Все мужчины разом повернулись к нему - и он чертыхнулся и в страхе отступил назад, а Джозефина уронила сумку и судорожно выхватила нож.
Тела мужчин начали изменяться.
Голова одного из них начала вытягиваться к потолку, словно была сделана из теста - изо рта появился язык, казалось, пытаясь что-то сказать, а затем внезапно вытянулся на несколько ярдов, словно длинная невесомая змея, и начал деловито обвивать вытягивающуюся голову; глаза другого к этому времени раздулись настолько, что голова была лишь зубастой выпуклостью позади двух блестящих, пристально глядящих глазных яблока; у третьего из-за отворота рубахи громадной роговой пластиной вырастал ноготь, скрывший сначала рот, затем нос, а под конец заслонивший глаза.
Большинство из них оторвались от пола и парили теперь в воздухе.
Кроуфорд заметил, что каждая правая рука, был ли ее владелец похожим на брокколи тугим комком плоти или скоплением длинных щупалец, сжимала теперь пистолет или меч; и увидел, что все эти разной формы и размеров глаза были устремлены на него.
Словно заряд мелкой дроби попал в натянутый лист сырого каучука, на всех лицах одновременно распахнулись провалы рта.
– Убирайся отсюда, - заголосили они по-итальянски с сильным немецким акцентом.
– Кто бы ты ни был, советую тебе убраться.
– Ты не узнаешь меня?
– с отчаянной бравадой спросил Кроуфорд.
– Присмотрись как следует, - обернулся он к мужчине, чьи глаза все еще продолжали расти - за счет тела, которое съёжилось и свисало теперь под парящими сферами, в то время как туфли и одежда друг за другом упали на пол.
– Я Майкл Айкмэн.
Многообразие левых рук взметнулось в воздух и ужасно изогнулось.
– Айкмэн!
– заклокотали и засвистели голоса.
– Кусаешь кормившую тебя руку?
Кроуфорд заткнул за пояс бесполезный теперь пистолет, затем схватил Джозефину за руку и пошел вперед.
Где-то справа от него зазвонил колокол, и спустя мгновение высокие двойные двери в дальнем конце комнаты распахнулись, и в зал ворвались несколько австрийских солдат.

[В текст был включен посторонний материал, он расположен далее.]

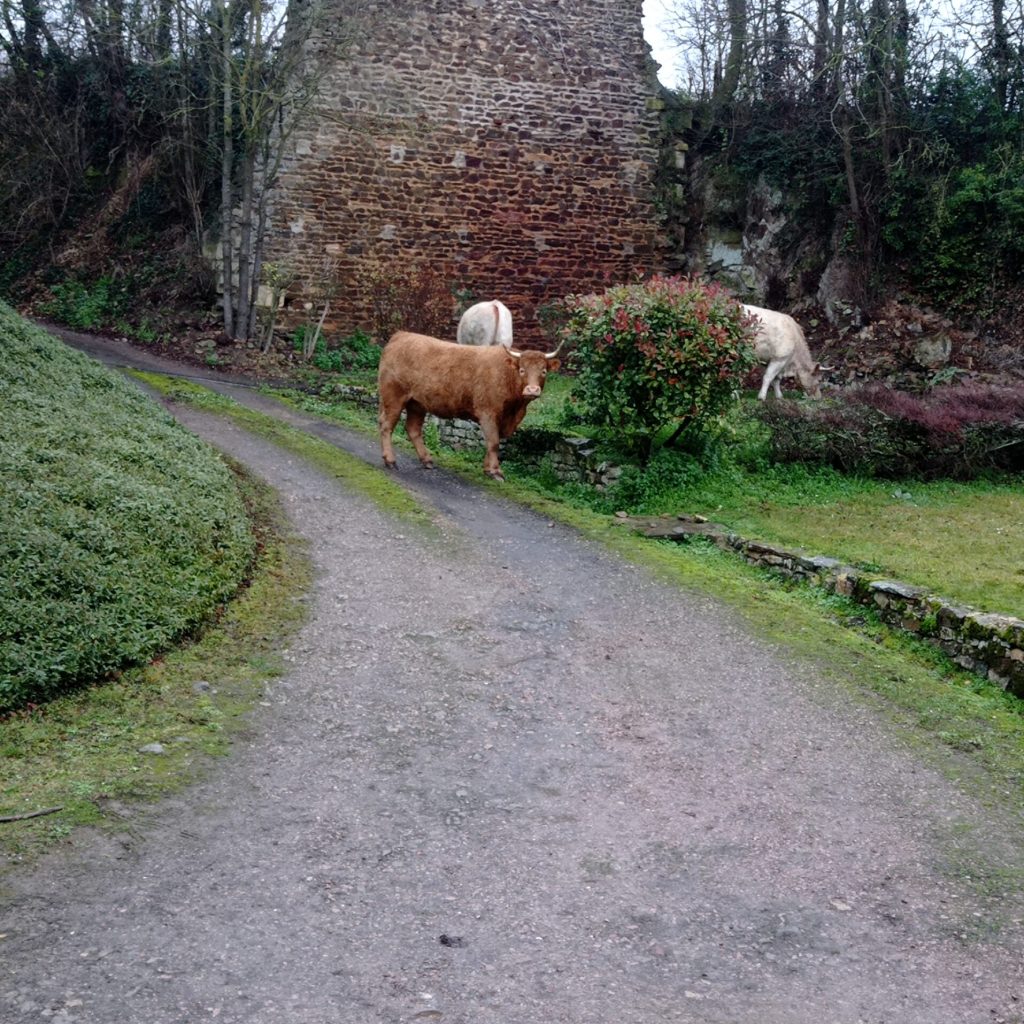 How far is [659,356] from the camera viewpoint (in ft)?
41.3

Кроуфорд заметил, что солдаты выглядели напуганными и отчаявшимися; и стоило им только увидеть искаженные опухающие тела, медленно плывущие по воздуху, словно больные рыбы в огромном аквариуме, они с криками ужаса бросились обратно из комнаты. Двери захлопнулись, и грохот задвинутого засова словно выстрел сотряс воздух и всколыхнул плавающие тела.
– Очевидно, кровь между колонн остыла, - невозмутимо отметили все растянутые или сморщенные рты.

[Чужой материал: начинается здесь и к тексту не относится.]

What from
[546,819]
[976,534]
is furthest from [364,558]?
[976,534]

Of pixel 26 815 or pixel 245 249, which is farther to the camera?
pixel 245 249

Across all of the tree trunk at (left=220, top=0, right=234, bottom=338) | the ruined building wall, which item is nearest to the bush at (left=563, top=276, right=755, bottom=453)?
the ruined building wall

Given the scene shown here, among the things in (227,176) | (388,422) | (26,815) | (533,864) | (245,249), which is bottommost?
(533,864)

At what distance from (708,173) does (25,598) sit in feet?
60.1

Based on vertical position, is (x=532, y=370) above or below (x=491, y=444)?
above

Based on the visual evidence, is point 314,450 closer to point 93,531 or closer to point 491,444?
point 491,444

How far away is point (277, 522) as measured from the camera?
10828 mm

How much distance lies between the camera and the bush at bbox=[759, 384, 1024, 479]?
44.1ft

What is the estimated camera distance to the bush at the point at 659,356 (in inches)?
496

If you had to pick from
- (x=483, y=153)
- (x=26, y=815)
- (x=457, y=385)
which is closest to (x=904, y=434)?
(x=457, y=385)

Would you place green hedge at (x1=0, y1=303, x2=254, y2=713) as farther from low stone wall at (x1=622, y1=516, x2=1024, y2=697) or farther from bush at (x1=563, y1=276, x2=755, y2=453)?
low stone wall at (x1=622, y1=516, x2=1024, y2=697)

– Они прольют свежую, Айкмэн, - в любой момент, и как только поле определенности восстановится, эти тела снова обретут устойчивую форму. Уходи, пока можешь.
– Пистолетов можно не бояться, - тихо сказал Кроуфорд Джозефине, и они вместе шагнули вперед.
Плывущие тела неуклюже пытались ударить их своими мечами, но даже Джозефина с ее кинжалом могла спокойно отогнать их прочь. Несколько переплетенных рук сумели спустить курок пистолета, но бойки лишь тихо щелкали по временно бесполезному пороху.